Merge branch 'Samagra-Development:restructure' into restructure

Gautam-Rajeev · web-flow · commit 0623ddb24758 · 2023-09-13T14:27:39.000+05:30
diff --git a/config.json b/config.json
@@ -1,13 +1,22 @@
 {
   "models": [
         {
+      "serviceName": "ner",
+      "modelBasePath": "src/ner/agri_ner_akai/local/.",
+      "apiBasePath": "ner/agri_ner_akai/local/",
+      "containerPort": 8000,
+      "environment": {},
+      "nginx": [],
+      "build": true
+    },    
+        {
       "serviceName": "word_score",
       "modelBasePath": "src/search/word_score/local/.",
-      "apiBasePath": "/search/word_score/local",
+      "apiBasePath": "/search/word_score/local/",
       "containerPort": 8000,
       "environment": {},
       "nginx": [],
-      "build": false
+      "build": true
     },
     {
       "serviceName": "spell_check",
diff --git a/src/ner/README.md b/src/ner/README.md
diff --git a/src/ner/agri_ner_akai/README.md b/src/ner/agri_ner_akai/README.md
diff --git a/src/ner/agri_ner_akai/local/Dockerfile b/src/ner/agri_ner_akai/local/Dockerfile
@@ -0,0 +1,15 @@
+# Use an official Python runtime as a parent image
+FROM python:3.9-slim
+
+WORKDIR /app
+
+
+#install requirements
+COPY requirements.txt requirements.txt
+RUN pip3 install -r requirements.txt
+
+# Copy the rest of the application code to the working directory
+COPY . /app/
+EXPOSE 8000
+# Set the entrypoint for the container
+CMD ["hypercorn", "--bind", "0.0.0.0:8000", "api:app"]
diff --git a/src/ner/agri_ner_akai/local/README.md b/src/ner/agri_ner_akai/local/README.md
@@ -0,0 +1,21 @@
+## NER:
+
+
+### Purpose :
+Model to detect
+- crops
+- pests
+- seed type 
+
+
+### Testing the model deployment :  
+To run for testing just the Hugging Face deployment for grievence recognition, you can follow the following steps : 
+
+- Git clone the repo
+- Go to current folder location i.e. ``` cd /src/ner/agri_ner_akai/local ```
+- Create docker image file and test the api:  
+```
+docker build -t testmodel .
+docker run -p 8000:8000 testmodel
+curl -X POST -H "Content-Type: application/json" -d '{"text": "What are tomatoes and potaotes that are being attacked by aphids? "}' http://localhost:8000/
+```
diff --git a/src/ner/agri_ner_akai/local/__init__.py b/src/ner/agri_ner_akai/local/__init__.py
@@ -0,0 +1,2 @@
+from .request import ModelRequest
+from .request import Model
diff --git a/src/ner/agri_ner_akai/local/api.py b/src/ner/agri_ner_akai/local/api.py
@@ -0,0 +1,25 @@
+from model import Model
+from request import ModelRequest
+from quart import Quart, request, jsonify
+import aiohttp
+
+app = Quart(__name__)
+
+model = None
+
+@app.before_serving
+async def startup():
+    app.client = aiohttp.ClientSession()
+    global model
+    model = Model(app)
+
+@app.route('/', methods=['POST'])
+async def embed():
+    global model
+    data = await request.get_json()
+    req = ModelRequest(**data)
+    entities = await model.inference(req)
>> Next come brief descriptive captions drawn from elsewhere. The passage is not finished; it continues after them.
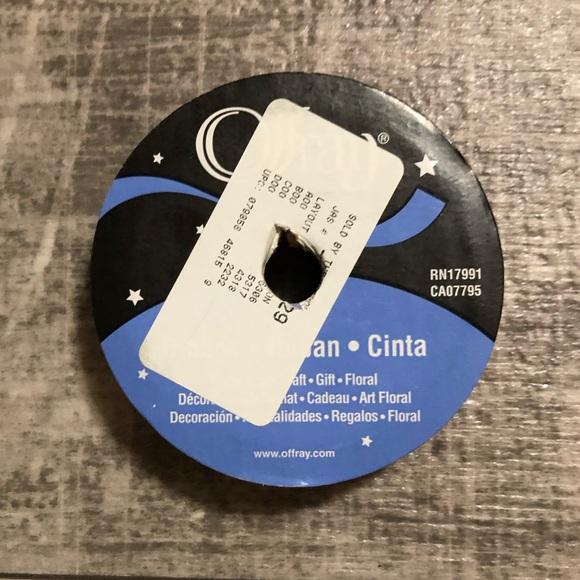 Offray Lot of 4 & 1 Michaels Craft Ribbon Spools (3) NWT & (2) Pre-Owned Orange - Picture 13 of 15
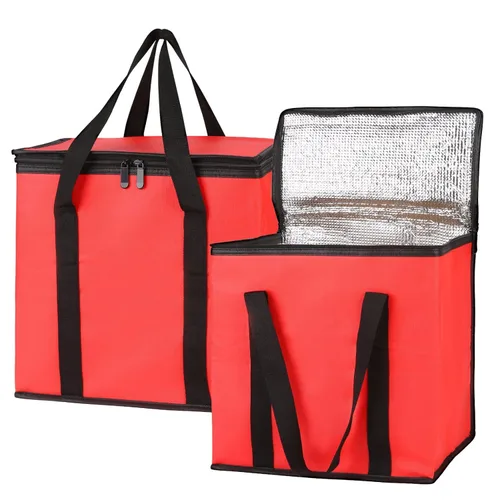 Miniatura 26 de Bodaon Paquete de 3 bolsas aisladas para entrega de alimentos para comidas calientes y frías, bolsas enfriadoras XXL, bolsa aislante para catering
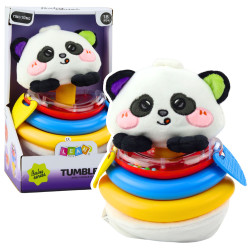 šūpoļojoša sensorā rotaļlieta ar plīša pandu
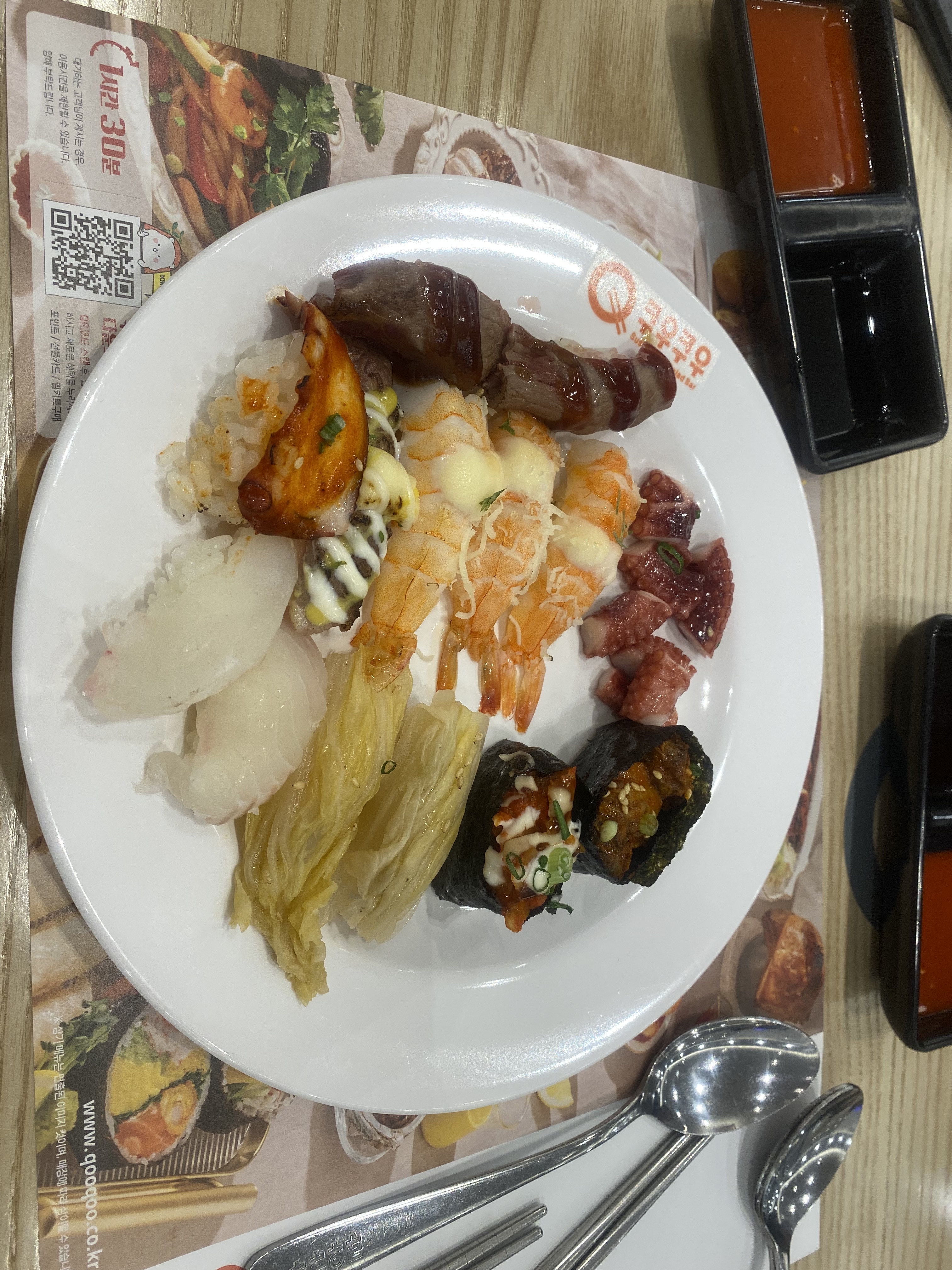 런치로 다녀왔어요 - 마석 맛집 추천 쿠우쿠우 마석점
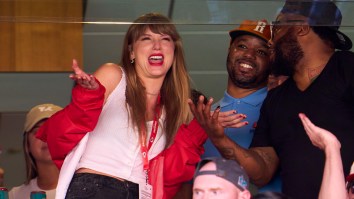 Swifties Struggle To Figure Out Football As Travis Kelce Causes Taylor Swift To Blush In Kansas City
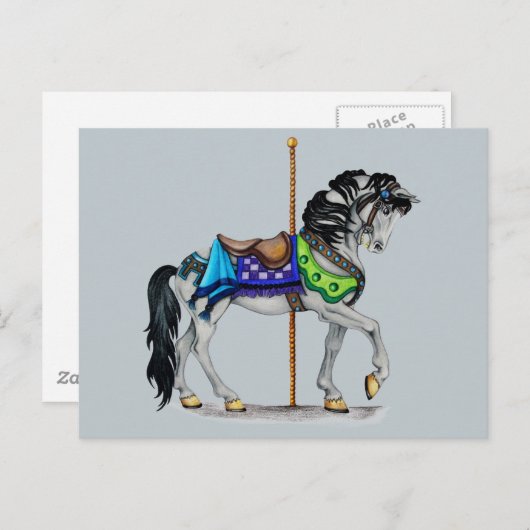 Carousel Horse Briefkaart (Voorkant / Achterkant)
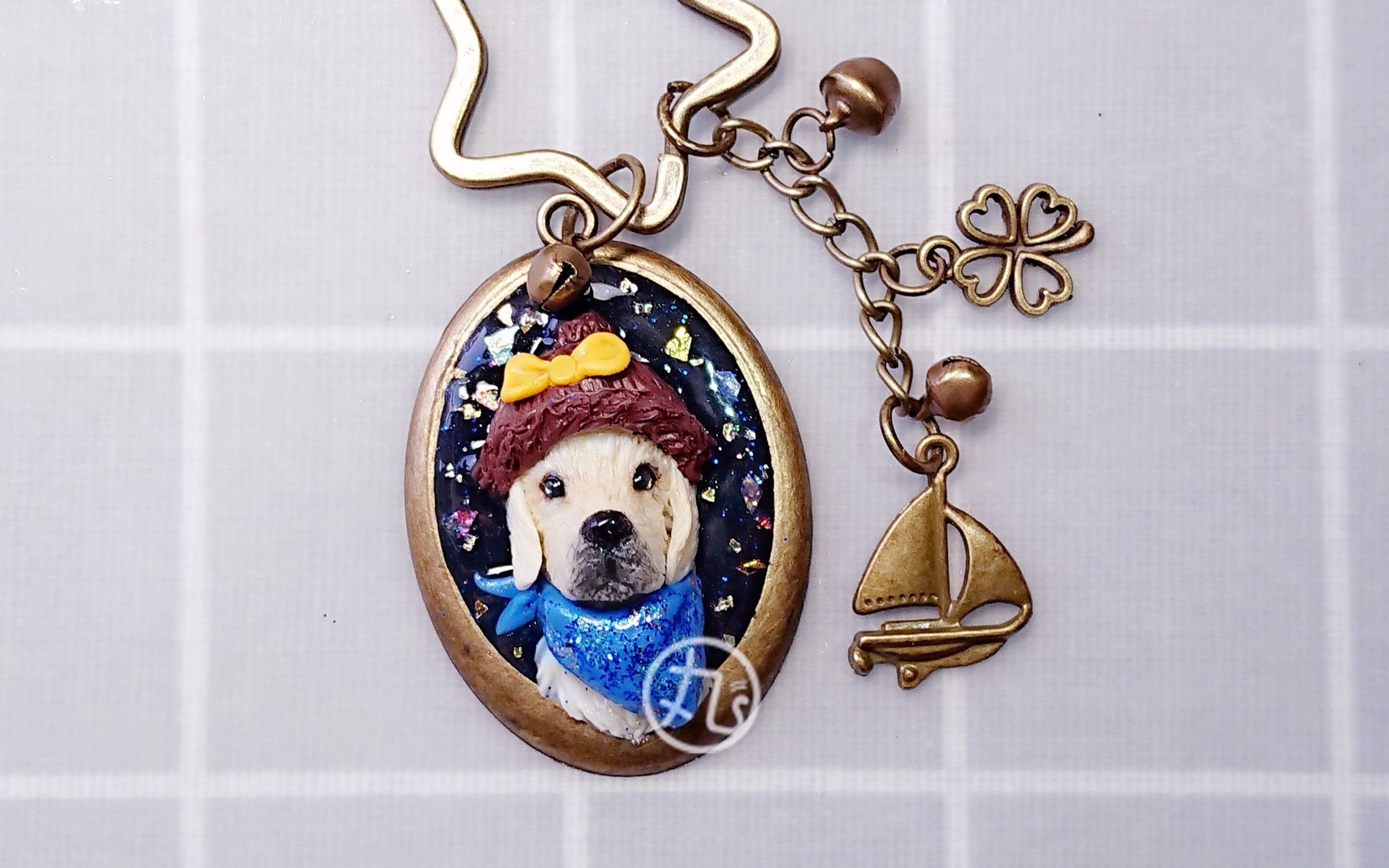 【软陶】拉布拉多钥匙扣制作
+    return jsonify(entities)  # Convert the list of entities to JSON format
+
+if __name__ == "__main__":
+    app.run()
diff --git a/src/ner/agri_ner_akai/local/model.py b/src/ner/agri_ner_akai/local/model.py
@@ -0,0 +1,68 @@
+from transformers import pipeline
+from request import ModelRequest
+
+class Model():
+    def __new__(cls, context):
+        cls.context = context
+        if not hasattr(cls, 'instance'):
+            cls.instance = super(Model, cls).__new__(cls)
+        cls.nlp_ner = pipeline("ner", model="GautamR/akai_ner", tokenizer="GautamR/akai_ner")
+        return cls.instance
+
+    async def inference(self, request: ModelRequest):
+        entities = self.nlp_ner(request.text)
+        return self.aggregate_entities(request.text, entities)
+
+    @staticmethod
+    def aggregate_entities(sentence, entity_outputs):
+        aggregated_entities = []
+        current_entity = None
+
+        for entity in entity_outputs:
+            entity_type = entity["entity"].split("-")[-1]
+
+            # Handle subwords
+            if entity["word"].startswith("##"):
+                # If we encounter an I-PEST or any other I- entity
+                if "I-" in entity["entity"]:
+                    if current_entity:  # Add previous entity
+                        aggregated_entities.append(current_entity)
+                
+                    word_start = sentence.rfind(" ", 0, entity["start"]) + 1
+                    word_end = sentence.find(" ", entity["end"])
+                    if word_end == -1:
+                        word_end = len(sentence)
+
+                    current_entity = {
+                        "entity_group": entity_type,
+                        "score": float(entity["score"]),
+                        "word": sentence[word_start:word_end].replace('.','').replace('?',''),
+                        "start": float(word_start),
+                        "end": float(word_end)
+                    }
+                    aggregated_entities.append(current_entity)
+                    current_entity = None
+
+                else:
+                    # If it's a subword but not an I- entity
+                    current_entity["word"] += entity["word"][2:]
+                    current_entity["end"] = entity["end"]
+                    current_entity["score"] = float((current_entity["score"] + entity["score"]) / 2)  # averaging scores
+
+            # Handle full words
+            else:
+                if current_entity:
+                    aggregated_entities.append(current_entity)
+
+                current_entity = {
+                    "entity_group": entity_type,
+                    "score": float(entity["score"]),
+                    "word": entity["word"],
+                    "start": float(entity["start"]),
+                    "end": float(entity["end"])
+                }
+
+        if current_entity:
+            aggregated_entities.append(current_entity)
+
+        return aggregated_entities
diff --git a/src/ner/agri_ner_akai/local/request.py b/src/ner/agri_ner_akai/local/request.py
@@ -0,0 +1,11 @@
+import requests
+import json
+
+
+class ModelRequest():
+    def __init__(self, text):
+        self.text = text
+
+    def to_json(self):
+        return json.dumps(self, default=lambda o: o.__dict__,
+                          sort_keys=True, indent=4)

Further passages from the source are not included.